◆ Work item
Your response should be an exact transcription of the data, images excluded.

◆ Recorded information
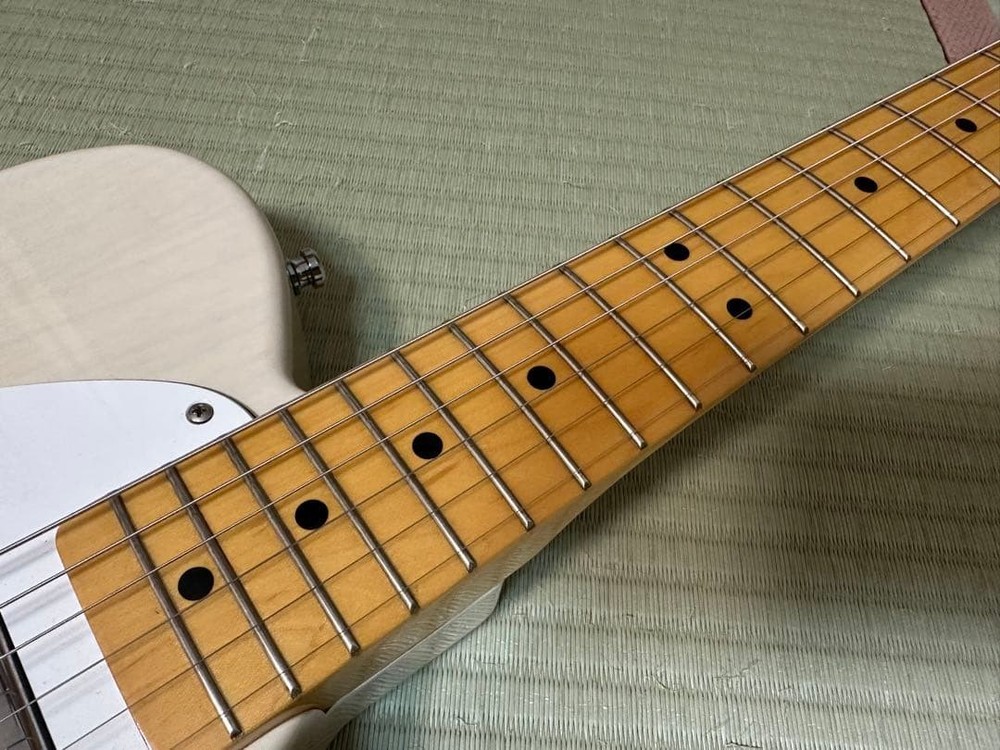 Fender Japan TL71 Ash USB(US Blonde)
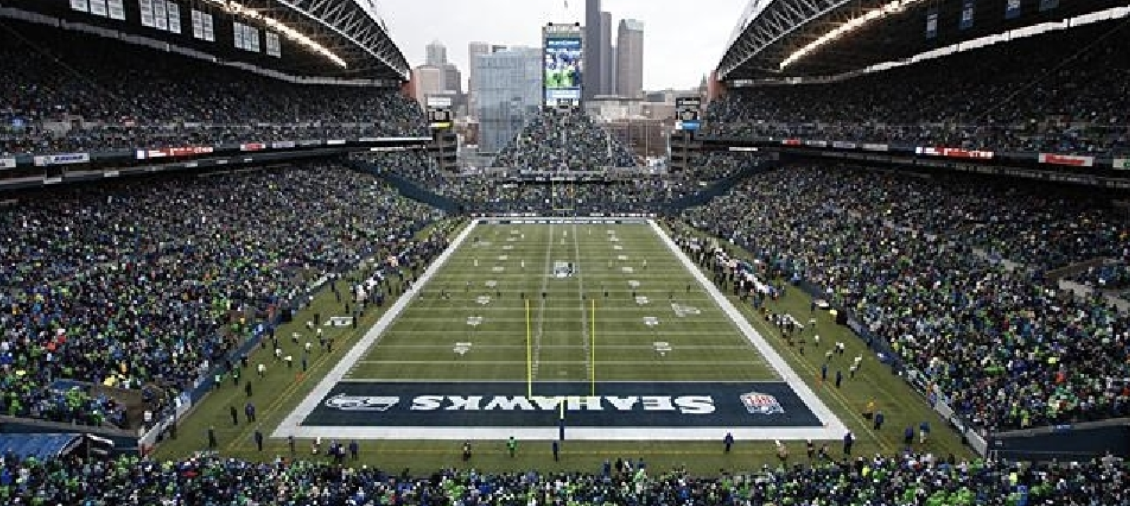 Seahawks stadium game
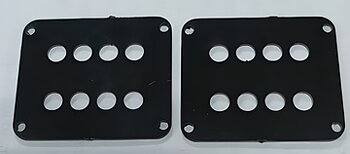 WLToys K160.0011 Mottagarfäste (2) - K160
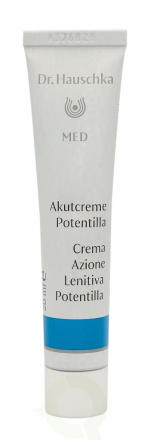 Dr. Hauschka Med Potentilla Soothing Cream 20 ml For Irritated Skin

◆ Exercise answer
 Fender Japan TL71 Ash USB(US Blonde)
 Seahawks stadium game
 WLToys K160.0011 Mottagarfäste (2) - K160
 Dr. Hauschka Med Potentilla Soothing Cream 20 ml For Irritated Skin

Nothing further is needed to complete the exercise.